Background: RhoB plays a crucial role in cellular processes. Its expression, evaluated via immunohistochemistry (IHC), serves as a significant biomarker for predicting survival outcomes in cancer patients, particularly in response to radiotherapy (RT). However, the accuracy and reliability of RhoB expression assessments can be compromised by variability in staining techniques and tumor heterogeneity.
Methods: This study introduces the scalable recurrence graph network (SRGNet) to improve the accuracy and reliability of five-year survival predictions for patients with rectal cancer. SRGNet integrates principles of spatial statistics, nonlinear dynamics, graph theory, and graph convolutional networks (GCNs). Spatial statistics aims to capture the distribution of protein expression, while nonlinear dynamics can model complex temporal changes within tumor biopsies. Graph theory represents relationships between texture recurrences, and GCN architecture enables graph node classification.

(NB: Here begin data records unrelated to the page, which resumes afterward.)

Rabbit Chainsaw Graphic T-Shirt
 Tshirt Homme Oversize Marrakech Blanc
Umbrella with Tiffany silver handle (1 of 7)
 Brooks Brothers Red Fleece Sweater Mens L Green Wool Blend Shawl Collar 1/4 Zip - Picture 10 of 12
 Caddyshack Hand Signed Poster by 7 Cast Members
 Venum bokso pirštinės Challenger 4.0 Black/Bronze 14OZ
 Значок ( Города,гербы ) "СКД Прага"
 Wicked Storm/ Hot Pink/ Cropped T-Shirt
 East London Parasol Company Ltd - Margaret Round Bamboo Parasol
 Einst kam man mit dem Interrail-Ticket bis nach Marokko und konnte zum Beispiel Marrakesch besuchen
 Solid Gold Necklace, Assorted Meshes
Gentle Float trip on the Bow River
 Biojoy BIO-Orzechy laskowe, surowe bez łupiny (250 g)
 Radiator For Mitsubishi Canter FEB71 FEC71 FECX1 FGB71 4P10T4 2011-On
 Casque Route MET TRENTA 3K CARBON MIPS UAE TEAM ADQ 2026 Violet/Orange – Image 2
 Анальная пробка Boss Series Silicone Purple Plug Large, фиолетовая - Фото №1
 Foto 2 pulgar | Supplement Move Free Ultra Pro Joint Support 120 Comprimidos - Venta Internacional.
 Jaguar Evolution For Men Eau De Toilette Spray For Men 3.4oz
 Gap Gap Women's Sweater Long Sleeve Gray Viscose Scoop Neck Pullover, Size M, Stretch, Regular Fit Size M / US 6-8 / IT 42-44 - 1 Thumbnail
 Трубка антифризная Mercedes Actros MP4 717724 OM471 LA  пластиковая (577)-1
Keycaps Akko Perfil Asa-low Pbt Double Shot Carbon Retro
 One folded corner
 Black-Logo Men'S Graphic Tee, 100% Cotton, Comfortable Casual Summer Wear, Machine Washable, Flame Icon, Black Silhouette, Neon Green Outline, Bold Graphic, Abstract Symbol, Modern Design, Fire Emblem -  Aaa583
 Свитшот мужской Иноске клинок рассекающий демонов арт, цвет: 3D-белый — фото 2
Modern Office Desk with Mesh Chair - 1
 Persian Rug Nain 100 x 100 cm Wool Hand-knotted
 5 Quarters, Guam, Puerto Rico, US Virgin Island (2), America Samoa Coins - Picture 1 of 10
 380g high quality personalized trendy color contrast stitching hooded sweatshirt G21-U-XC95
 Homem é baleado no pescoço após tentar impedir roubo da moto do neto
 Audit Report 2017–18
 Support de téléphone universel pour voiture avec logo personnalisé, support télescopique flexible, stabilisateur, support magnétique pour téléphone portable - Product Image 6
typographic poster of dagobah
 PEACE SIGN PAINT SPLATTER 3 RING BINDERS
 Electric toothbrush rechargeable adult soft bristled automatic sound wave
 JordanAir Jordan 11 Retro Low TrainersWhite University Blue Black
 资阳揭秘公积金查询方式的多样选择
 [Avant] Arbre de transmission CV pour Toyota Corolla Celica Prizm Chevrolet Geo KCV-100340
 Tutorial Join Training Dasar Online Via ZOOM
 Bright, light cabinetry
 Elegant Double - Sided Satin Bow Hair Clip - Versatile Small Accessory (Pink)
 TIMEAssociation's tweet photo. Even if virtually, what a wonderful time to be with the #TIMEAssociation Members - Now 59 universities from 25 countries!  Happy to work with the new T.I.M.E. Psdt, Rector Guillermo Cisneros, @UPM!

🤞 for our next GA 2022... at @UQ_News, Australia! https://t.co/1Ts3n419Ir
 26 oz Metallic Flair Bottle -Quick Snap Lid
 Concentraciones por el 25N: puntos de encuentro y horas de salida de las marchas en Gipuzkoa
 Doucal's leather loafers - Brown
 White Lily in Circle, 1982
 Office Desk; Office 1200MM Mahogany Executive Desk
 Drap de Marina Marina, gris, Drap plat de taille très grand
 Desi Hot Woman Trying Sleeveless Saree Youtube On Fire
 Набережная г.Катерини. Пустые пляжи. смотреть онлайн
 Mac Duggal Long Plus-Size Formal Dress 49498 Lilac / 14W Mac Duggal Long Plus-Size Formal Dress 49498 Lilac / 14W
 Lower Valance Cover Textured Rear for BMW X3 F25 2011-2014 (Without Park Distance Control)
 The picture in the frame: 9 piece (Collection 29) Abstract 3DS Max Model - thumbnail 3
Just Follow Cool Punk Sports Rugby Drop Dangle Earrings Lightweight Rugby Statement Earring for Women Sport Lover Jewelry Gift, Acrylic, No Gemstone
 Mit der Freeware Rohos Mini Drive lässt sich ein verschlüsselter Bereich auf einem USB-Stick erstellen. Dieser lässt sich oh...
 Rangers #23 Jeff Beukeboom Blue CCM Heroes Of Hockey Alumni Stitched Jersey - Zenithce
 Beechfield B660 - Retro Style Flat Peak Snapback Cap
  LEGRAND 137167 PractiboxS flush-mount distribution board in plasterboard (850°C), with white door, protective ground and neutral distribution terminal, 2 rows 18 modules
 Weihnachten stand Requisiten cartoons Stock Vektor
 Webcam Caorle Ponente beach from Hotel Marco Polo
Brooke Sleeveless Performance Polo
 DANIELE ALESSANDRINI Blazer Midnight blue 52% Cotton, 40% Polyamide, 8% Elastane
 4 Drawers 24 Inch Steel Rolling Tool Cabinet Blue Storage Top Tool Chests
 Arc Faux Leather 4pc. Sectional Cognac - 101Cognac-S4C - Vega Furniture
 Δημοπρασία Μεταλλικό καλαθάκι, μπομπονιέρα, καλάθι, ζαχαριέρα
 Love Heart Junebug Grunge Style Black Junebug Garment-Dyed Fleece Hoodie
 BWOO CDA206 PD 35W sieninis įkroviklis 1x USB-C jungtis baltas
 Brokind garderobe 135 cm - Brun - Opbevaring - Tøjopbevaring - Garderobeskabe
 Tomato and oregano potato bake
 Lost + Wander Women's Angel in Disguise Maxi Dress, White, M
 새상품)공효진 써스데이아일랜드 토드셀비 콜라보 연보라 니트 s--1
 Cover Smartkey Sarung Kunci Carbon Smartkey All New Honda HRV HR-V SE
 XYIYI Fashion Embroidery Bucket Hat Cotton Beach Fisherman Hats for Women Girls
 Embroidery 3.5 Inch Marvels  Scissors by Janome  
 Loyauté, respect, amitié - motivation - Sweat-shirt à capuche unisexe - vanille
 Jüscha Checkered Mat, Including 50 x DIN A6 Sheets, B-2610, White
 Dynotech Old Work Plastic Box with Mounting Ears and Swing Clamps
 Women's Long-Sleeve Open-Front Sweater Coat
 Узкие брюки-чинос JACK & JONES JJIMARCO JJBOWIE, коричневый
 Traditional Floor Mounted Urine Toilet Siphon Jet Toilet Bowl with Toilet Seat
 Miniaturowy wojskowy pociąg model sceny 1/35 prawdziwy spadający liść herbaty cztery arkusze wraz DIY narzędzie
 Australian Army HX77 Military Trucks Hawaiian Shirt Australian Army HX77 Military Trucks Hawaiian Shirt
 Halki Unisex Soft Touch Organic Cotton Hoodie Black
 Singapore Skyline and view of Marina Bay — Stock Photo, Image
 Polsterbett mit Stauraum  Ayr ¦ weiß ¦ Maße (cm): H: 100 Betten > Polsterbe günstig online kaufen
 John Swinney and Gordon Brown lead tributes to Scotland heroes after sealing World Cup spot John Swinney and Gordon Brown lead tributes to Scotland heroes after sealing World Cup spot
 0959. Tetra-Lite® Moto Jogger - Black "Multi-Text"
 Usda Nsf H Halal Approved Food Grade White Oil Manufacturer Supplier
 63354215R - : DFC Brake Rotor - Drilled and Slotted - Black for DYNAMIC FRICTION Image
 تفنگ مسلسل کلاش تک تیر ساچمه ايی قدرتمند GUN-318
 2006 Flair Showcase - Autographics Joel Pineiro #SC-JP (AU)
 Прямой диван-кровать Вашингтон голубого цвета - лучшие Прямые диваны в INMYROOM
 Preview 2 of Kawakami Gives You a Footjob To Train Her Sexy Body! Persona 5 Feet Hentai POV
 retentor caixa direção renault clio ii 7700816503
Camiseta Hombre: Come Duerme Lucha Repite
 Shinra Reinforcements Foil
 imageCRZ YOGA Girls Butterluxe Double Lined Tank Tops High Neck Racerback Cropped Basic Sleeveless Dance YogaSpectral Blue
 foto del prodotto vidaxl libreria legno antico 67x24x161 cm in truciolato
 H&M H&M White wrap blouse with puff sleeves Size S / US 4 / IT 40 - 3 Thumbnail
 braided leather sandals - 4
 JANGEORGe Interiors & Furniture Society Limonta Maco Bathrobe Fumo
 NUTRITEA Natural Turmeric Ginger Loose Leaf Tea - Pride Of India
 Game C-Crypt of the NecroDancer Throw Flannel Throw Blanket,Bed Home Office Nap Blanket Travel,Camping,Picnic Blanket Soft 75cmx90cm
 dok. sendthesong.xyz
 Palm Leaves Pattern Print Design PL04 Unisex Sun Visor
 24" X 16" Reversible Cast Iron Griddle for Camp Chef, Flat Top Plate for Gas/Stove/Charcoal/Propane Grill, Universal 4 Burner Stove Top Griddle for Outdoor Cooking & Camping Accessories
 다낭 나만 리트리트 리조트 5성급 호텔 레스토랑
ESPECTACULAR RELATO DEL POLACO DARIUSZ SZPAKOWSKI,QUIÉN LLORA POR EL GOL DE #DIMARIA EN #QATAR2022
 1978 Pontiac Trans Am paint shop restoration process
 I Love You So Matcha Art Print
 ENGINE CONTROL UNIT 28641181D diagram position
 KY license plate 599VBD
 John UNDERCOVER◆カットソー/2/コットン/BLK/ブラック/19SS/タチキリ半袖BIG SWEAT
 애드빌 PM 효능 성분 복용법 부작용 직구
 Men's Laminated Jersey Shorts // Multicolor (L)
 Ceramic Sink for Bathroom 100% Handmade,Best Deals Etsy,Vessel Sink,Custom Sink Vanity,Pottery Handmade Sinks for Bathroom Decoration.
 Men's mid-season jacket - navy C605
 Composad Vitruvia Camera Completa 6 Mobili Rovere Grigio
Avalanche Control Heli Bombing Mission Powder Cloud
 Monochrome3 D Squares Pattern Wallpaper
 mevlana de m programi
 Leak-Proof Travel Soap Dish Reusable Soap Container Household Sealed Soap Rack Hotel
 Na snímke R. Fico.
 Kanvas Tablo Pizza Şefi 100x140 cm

Results: SRGNet outperformed 10 pre-trained convolutional neural networks. For biopsy samples with RT, SRGNet achieved an accuracy of 88%, predicting <five-year survival with 67% accuracy and >five-year survival with 100% accuracy. It demonstrated a precision of 100% and an F1 score of 0.80, with an AUC of 0.73. For biopsy samples without RT, SRGNet obtained an accuracy of 91%, predicting survival over five years with perfect precision (100%), an F1 score of 0.86, and an AUC of 0.82.
Conclusions: SRGNet can enhance the biopsy-based prediction of five-year survival outcomes for rectal cancer patients, offering a more precise and individualized assessment. Its integration of artificial intelligence and machine learning technologies addresses the challenges of variability and tumor heterogeneity in RhoB expression evaluation, leading to more reliable prognostic evaluations.